* _WORK REQUEST_: The listing is to be printed word for word, pictures omitted.

* _GIVEN INFORMATION_:
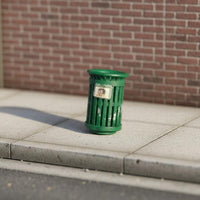 1/64 Scale Trash Can Highly Detailed 1/64 Scale Garbage Can Weathered Finish Resin Diorama Props for Hobbyists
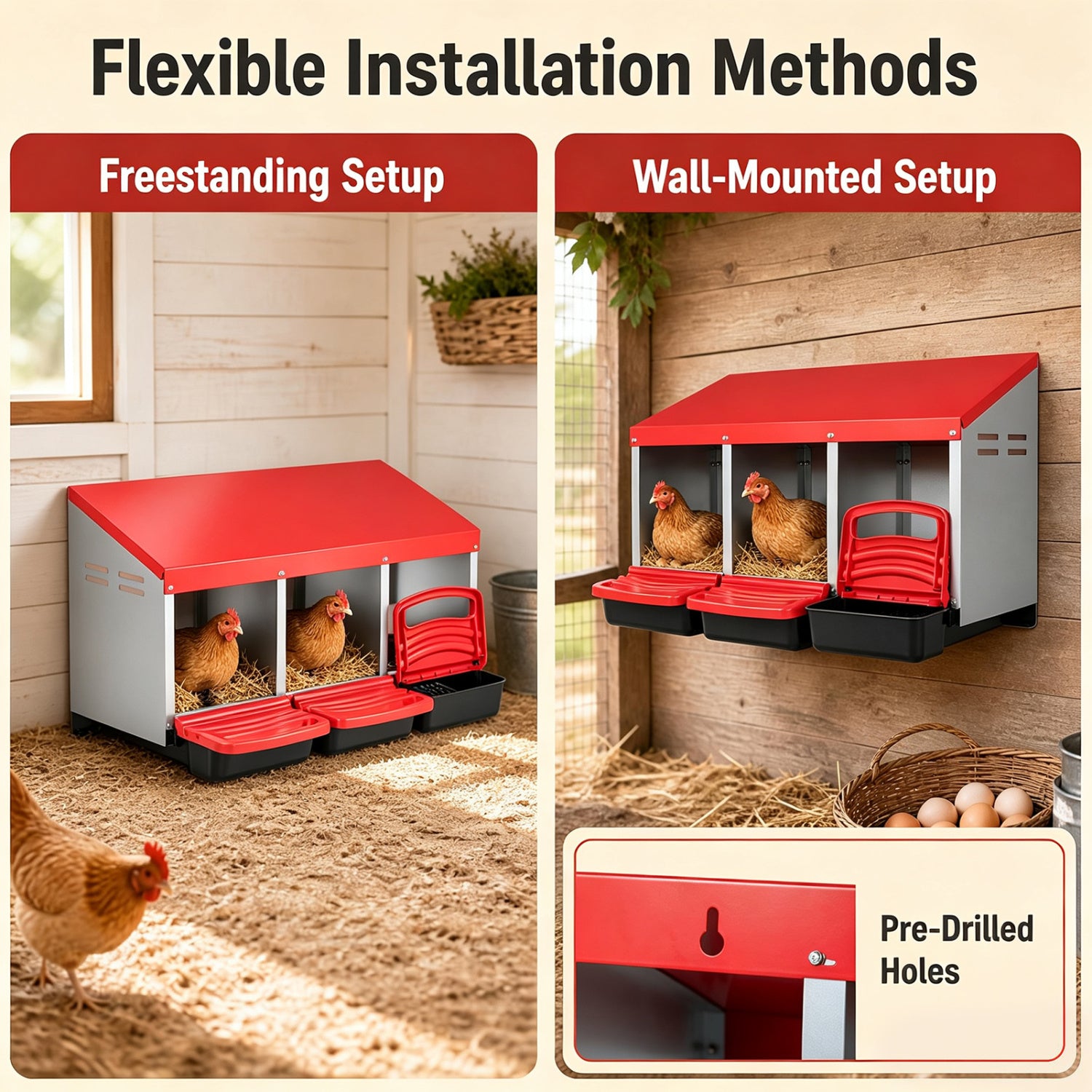 3-Compartment Roll Away Chicken Nesting Box for Egg Collection with Removable - view 8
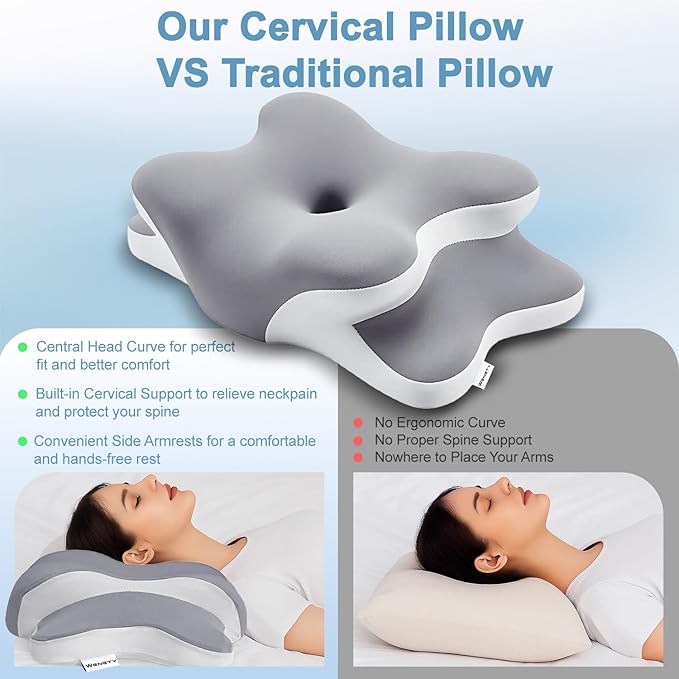 Sleep Apnea Pillow with Neck Pain & Snoring Relief-Orthopedic Cervical Pillow,Ergonomic Contour Memory Foam Pillow for Side,Back,Stomach,Dreamers Relief,Medium Firm Support (Gray, Queen Size)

* _EXERCISE SOLUTION_:
 1/64 Scale Trash Can Highly Detailed 1/64 Scale Garbage Can Weathered Finish Resin Diorama Props for Hobbyists
 3-Compartment Roll Away Chicken Nesting Box for Egg Collection with Removable - view 8
 Sleep Apnea Pillow with Neck Pain & Snoring Relief-Orthopedic Cervical Pillow,Ergonomic Contour Memory Foam Pillow for Side,Back,Stomach,Dreamers Relief,Medium Firm Support (Gray, Queen Size)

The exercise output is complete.